MEDIUM: regex: pcre2 support

this adds a support of the newest pcre2 library,
more secure than its older sibling in a cost of a
more complex API.
It works pretty similarly to pcre's part to keep
the overall change smooth,  except :

- we define the string class supported at compile time.

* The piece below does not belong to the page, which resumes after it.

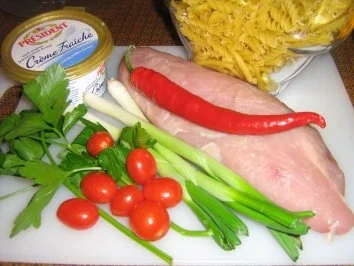 Currygeschnetzeltes von der Pute mit Nudeln - Rezept - Bild Nr. 2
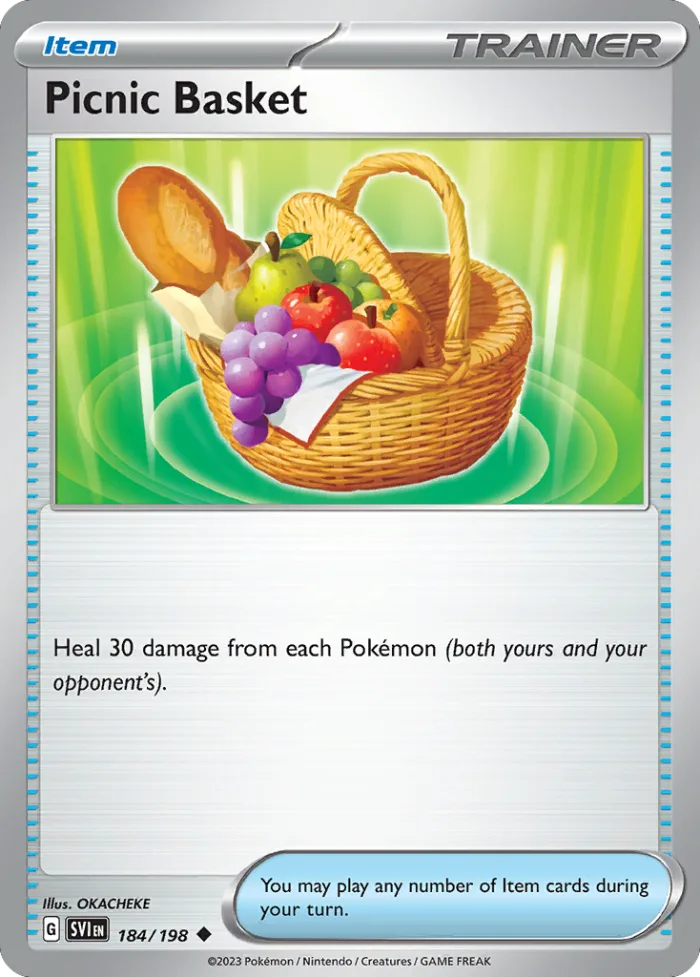 Picnic Basket #184 Scarlet & Violet Pokemon card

- after matching the ovec data is properly sized, althought
we do not take advantage of it here.
- the lack of jit support is treated less 'dramatically'
as pcre2_jit_compile in this case is 'no-op'.
diff --git a/Makefile b/Makefile
index 9e39485..a87e1e2 100644
--- a/Makefile
+++ b/Makefile
@@ -14,11 +14,14 @@
 #   USE_NETFILTER        : enable netfilter on Linux. Automatic.

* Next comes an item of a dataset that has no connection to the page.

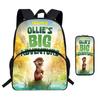 Kinder Cartoon Rucksack Federmäppchen Set Schule Leicht Wirbelsäulenfreundlich Atmungsaktiv Oxford Stoff Mit Lustigem Druckdesign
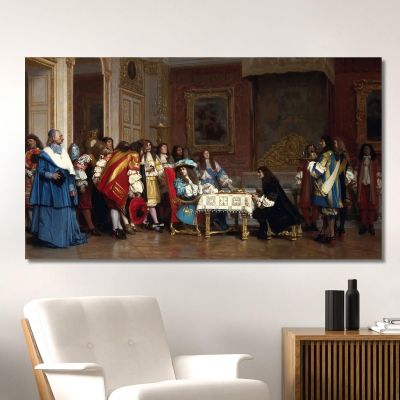 Louis Xiv And Molière Jean-Léon Gérôme jlg82 canvas print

 #   USE_PCRE             : enable use of libpcre for regex. Recommended.
 #   USE_PCRE_JIT         : enable JIT for faster regex on libpcre >= 8.32
+#   USE_PCRE2            : enable use of libpcre2 for regex.

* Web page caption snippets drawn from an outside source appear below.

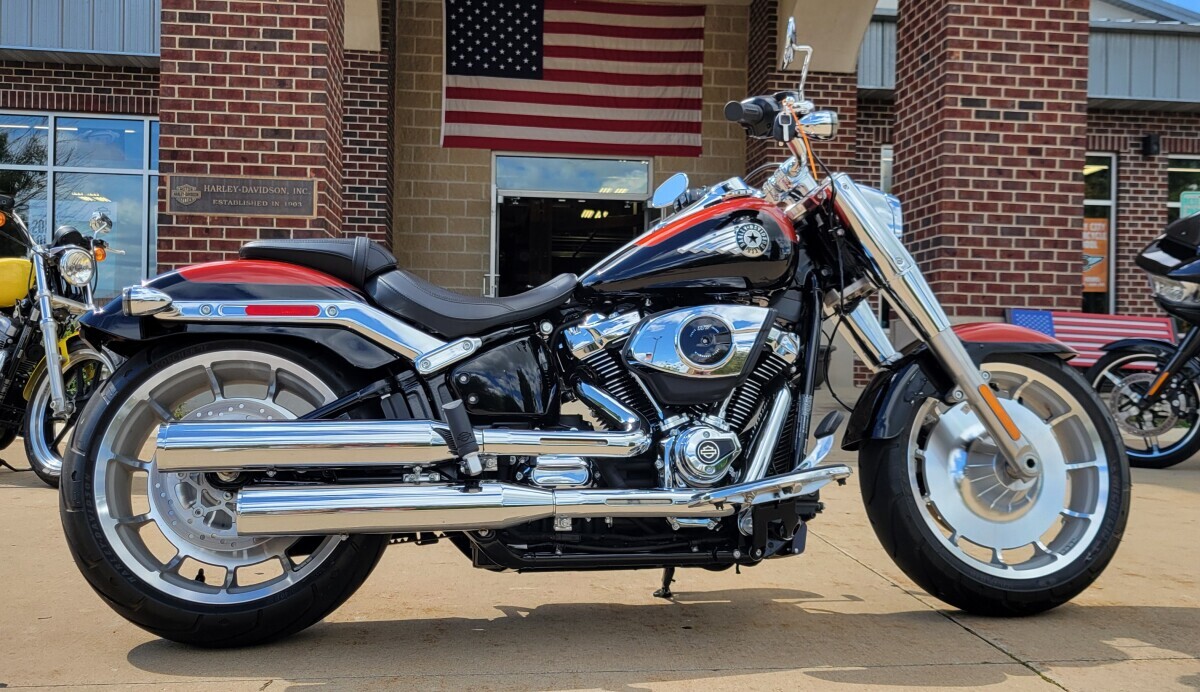 Harley-Davidson Fat Boy 2025 FLFB WHISKY FIRE/BLK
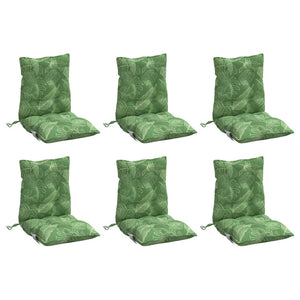 Niedriglehner Auflagen 6er-Set Blattmuster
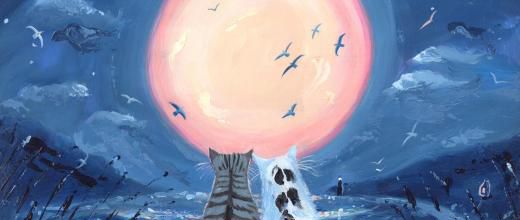 Tableau du samedi 232 : L'amour au clair de Lune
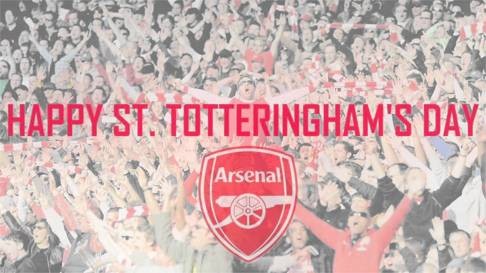 Arsenal fans embrace the day when Spurs can no longer finish ahead of them each season. Photo: Youtube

+#   USE_PCRE2_JIT        : enable JIT for faster regex on libpcre2
 #   USE_POLL             : enable poll(). Automatic.
 #   USE_PRIVATE_CACHE    : disable shared memory cache of ssl sessions.
 #   USE_PTHREAD_PSHARED  : enable pthread process shared mutex on sslcache.
 #   USE_REGPARM          : enable regparm optimization. Recommended on x86.
 #   USE_STATIC_PCRE      : enable static libpcre. Recommended.
+#   USE_STATIC_PCRE2     : enable static libpcre2.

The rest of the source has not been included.